* WORK INSTRUCTIONS *
Return, word for word, the line that contains "150 Pinehaven Lane New London NC 28127" and every line after it through the end of the records.

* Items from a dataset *
■ ■ ■ ■ ■

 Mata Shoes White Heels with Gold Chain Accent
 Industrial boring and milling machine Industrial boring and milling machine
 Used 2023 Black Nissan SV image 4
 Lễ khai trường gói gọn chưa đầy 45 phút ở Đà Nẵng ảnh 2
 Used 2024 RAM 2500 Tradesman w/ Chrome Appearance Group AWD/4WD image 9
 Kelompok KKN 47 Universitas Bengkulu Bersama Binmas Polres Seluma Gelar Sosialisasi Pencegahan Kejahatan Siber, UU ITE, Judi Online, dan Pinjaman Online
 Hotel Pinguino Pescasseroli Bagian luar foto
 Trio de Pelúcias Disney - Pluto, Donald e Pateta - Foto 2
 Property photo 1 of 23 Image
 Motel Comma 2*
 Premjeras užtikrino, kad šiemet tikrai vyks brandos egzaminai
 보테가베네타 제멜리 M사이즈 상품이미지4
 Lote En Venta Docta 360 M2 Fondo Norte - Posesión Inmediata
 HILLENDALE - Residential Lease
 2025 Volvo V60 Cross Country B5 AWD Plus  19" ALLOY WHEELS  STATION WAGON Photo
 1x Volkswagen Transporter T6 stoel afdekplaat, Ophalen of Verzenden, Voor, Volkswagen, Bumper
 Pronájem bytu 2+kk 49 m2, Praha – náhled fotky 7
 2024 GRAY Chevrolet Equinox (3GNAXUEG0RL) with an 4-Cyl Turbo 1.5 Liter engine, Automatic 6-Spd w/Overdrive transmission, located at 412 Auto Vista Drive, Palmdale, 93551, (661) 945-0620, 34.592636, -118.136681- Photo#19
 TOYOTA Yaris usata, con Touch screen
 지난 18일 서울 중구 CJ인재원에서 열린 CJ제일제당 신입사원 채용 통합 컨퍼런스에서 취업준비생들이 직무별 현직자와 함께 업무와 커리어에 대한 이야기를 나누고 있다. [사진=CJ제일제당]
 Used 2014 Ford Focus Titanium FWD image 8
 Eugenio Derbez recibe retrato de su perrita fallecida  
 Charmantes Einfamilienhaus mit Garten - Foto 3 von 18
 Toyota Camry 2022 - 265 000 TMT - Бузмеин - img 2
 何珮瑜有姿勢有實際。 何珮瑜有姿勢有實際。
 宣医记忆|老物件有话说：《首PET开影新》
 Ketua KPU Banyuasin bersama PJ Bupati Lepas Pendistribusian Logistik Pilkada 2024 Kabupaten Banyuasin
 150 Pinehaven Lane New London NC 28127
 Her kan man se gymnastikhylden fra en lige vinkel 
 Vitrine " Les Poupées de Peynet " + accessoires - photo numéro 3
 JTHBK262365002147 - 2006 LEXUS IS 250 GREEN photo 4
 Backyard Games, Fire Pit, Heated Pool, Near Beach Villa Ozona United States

■ ■ ■ ■ ■

* YOUR RESPONSE *
 150 Pinehaven Lane New London NC 28127
 Her kan man se gymnastikhylden fra en lige vinkel 
 Vitrine " Les Poupées de Peynet " + accessoires - photo numéro 3
 JTHBK262365002147 - 2006 LEXUS IS 250 GREEN photo 4
 Backyard Games, Fire Pit, Heated Pool, Near Beach Villa Ozona United States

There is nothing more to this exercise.